WORK ITEM
Leaving out every picture, please repeat exactly the line that contains "2 Beautiful Twin" and each line after it through the final line below.

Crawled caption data
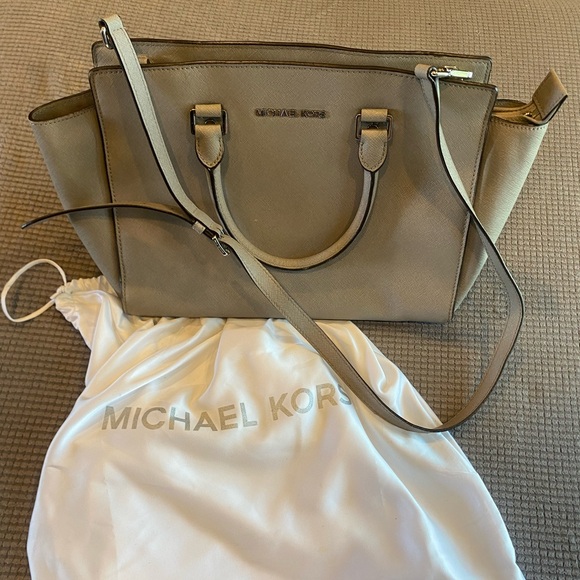 Michael Kors Large Grey Satchel - Picture 2 of 5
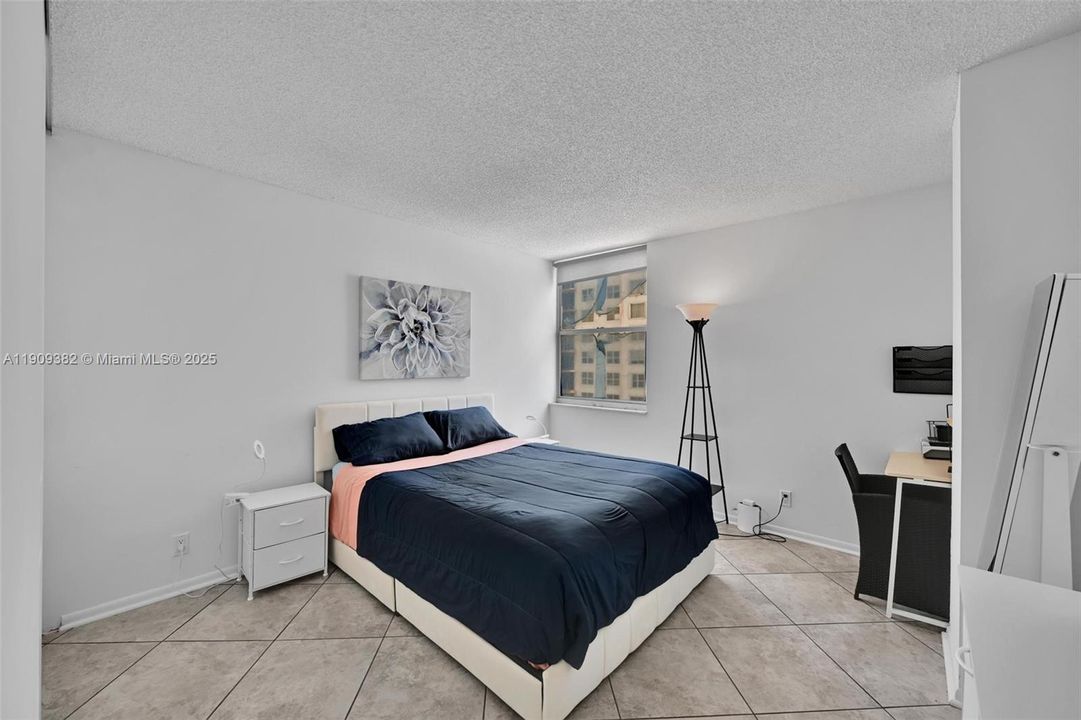 合同活跃: $2,100 (1 贝兹, 1 浴室, 721 平方英尺)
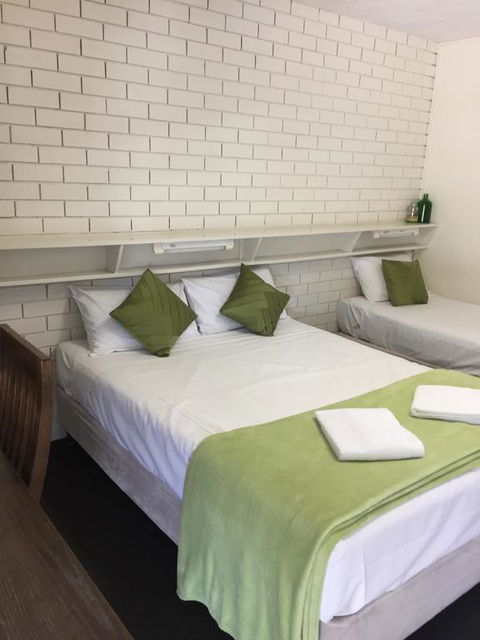 Paradise Motel - New South Wales Tourism  3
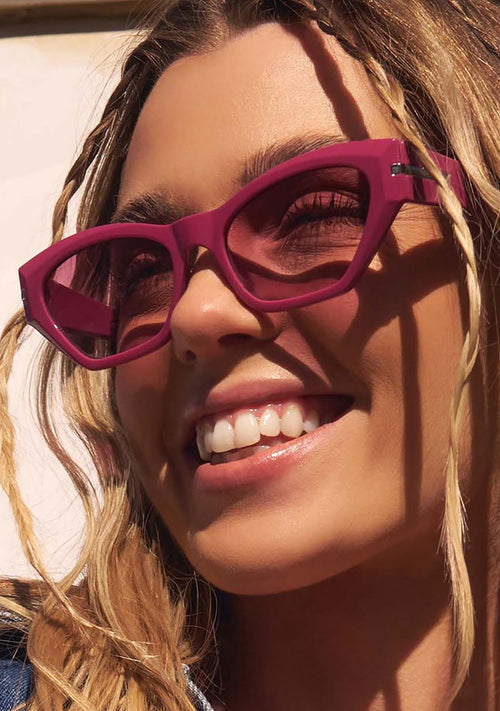 Sawtelle Polarized Sunglasses in Glossy Berry Garnet Gradient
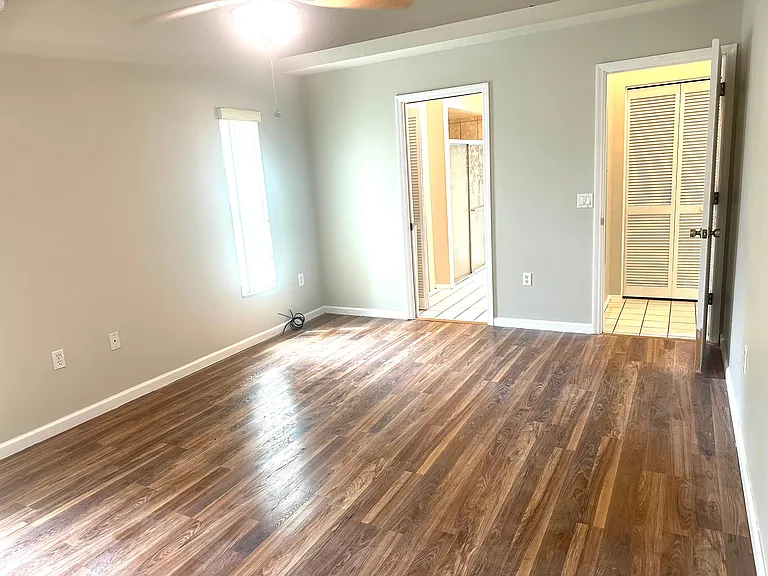 2211 Gold Oak Ln — Photo 14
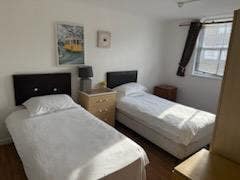2 Beautiful Twin or Double w/Private En-Suite Room Main Photo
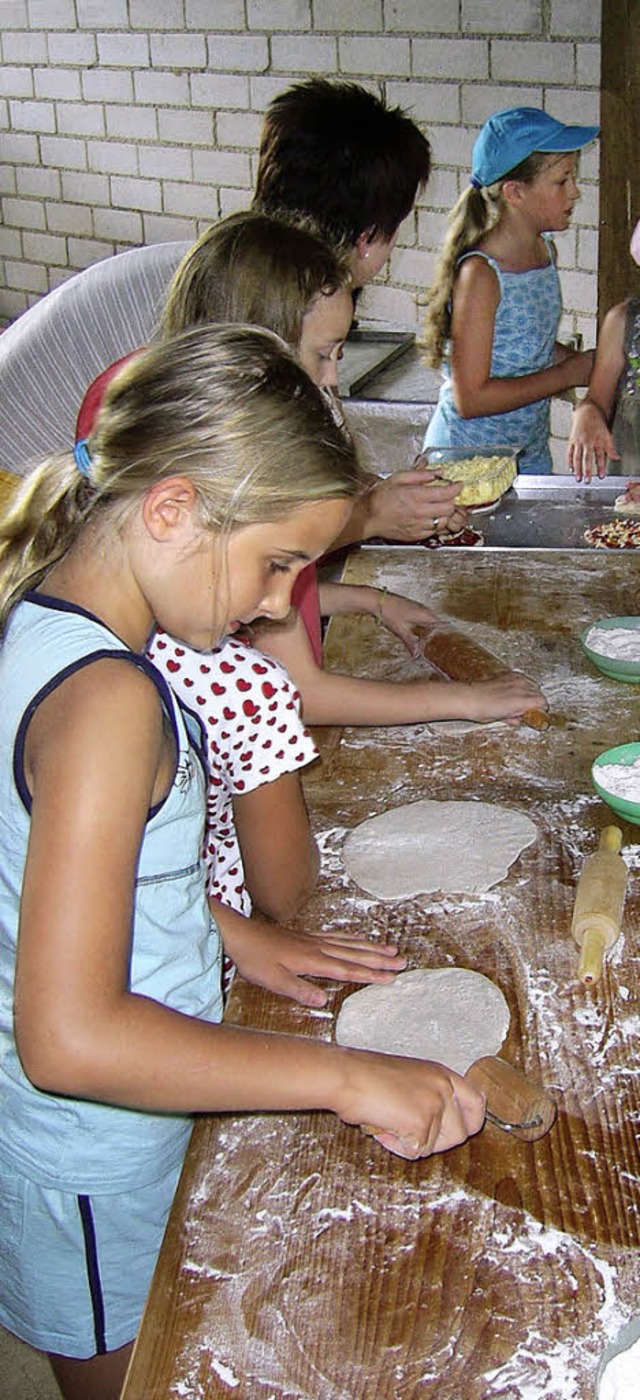 Das Backen machte den Kindern viel Freude.  | Foto: Privat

WRITTEN RESPONSE
2 Beautiful Twin or Double w/Private En-Suite Room Main Photo
 Das Backen machte den Kindern viel Freude.  | Foto: Privat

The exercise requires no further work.